NYT Editorial
The claims of calm deliberation emerging from the White House this week are maddening. The search for a new plan for Iraq seems to be taking place with as much urgency as the deliberations over a new color for the dollar bill.
In Baghdad yesterday, a suicide bomber killed at least 70 people, most of them Shiite laborers whose only sin was looking for work. In Washington, meanwhile, President Bush held a series of carefully stage-managed meetings with officials and outside experts whose common credential appeared to be their opposition to the recommendations of James Baker’s Iraq Study Group.

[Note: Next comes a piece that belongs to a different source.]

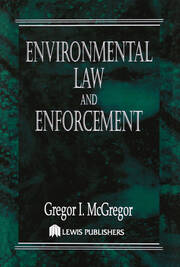 Environmental Law and Enforcement book cover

To top it off, White House aides told reporters that — despite earlier promises of a pre-Christmas speech by Mr. Bush — the country now should not expect any announcement of a new strategy until early next year. The president’s spokesman, Tony Snow, said that “it’s a complex business, and there are a lot of things to take into account,” adding that Mr. Bush “wants to make sure it’s done right.”
We are more than eager for this White House to finally get something right on Iraq. But we find it chilling to imagine that Mr. Bush and his advisers have only now begun a full policy review, months after Iraq plunged into civil war and years after experts began warning that the administration’s strategy was not working.
We would like to believe that the reason for delay is that some of Mr. Bush’s advisers have come up with a sensible change in course and they are now trying to persuade the president to take it. Or that behind the scenes Mr. Bush is already strong-arming Iraq’s leaders to rein in the sectarian militias and begin long-delayed national reconciliation talks.
We fear that a more likely explanation is that the president’s ever-divided policy advisers are still wrangling over the most basic decisions, while his political handlers are waiting for public enthusiasm for the Baker report to flag before Mr. Bush tries to explain why he won’t follow through on some of the report’s most important and reasonable suggestions — like imposing a timetable on Iraqi leaders to make political compromises or face a withdrawal of American support. Or trying to persuade Iran and Syria to cease their meddling.
The Baker study, of course, is not the received wisdom of the ages. It should have been released far earlier, rather than being delayed to get past the midterm elections. But it was a good-faith effort by people wise enough and experienced enough to know how bad the situation really is in Iraq, and how little time left there is for the president to act.
Mr. Bush has no more time to waste on “listening tours” and photo ops. The nation is in a crisis, and Americans need to hear how he plans to unwind the chaos he has unleashed in Iraq. If the president is delaying because he is searching for a good option, he can stop. There are none. But Americans need to see that he is prepared to choose among the undesirable alternatives, and clear the way for a withdrawal of American troops that does not leave even more killing and mayhem behind.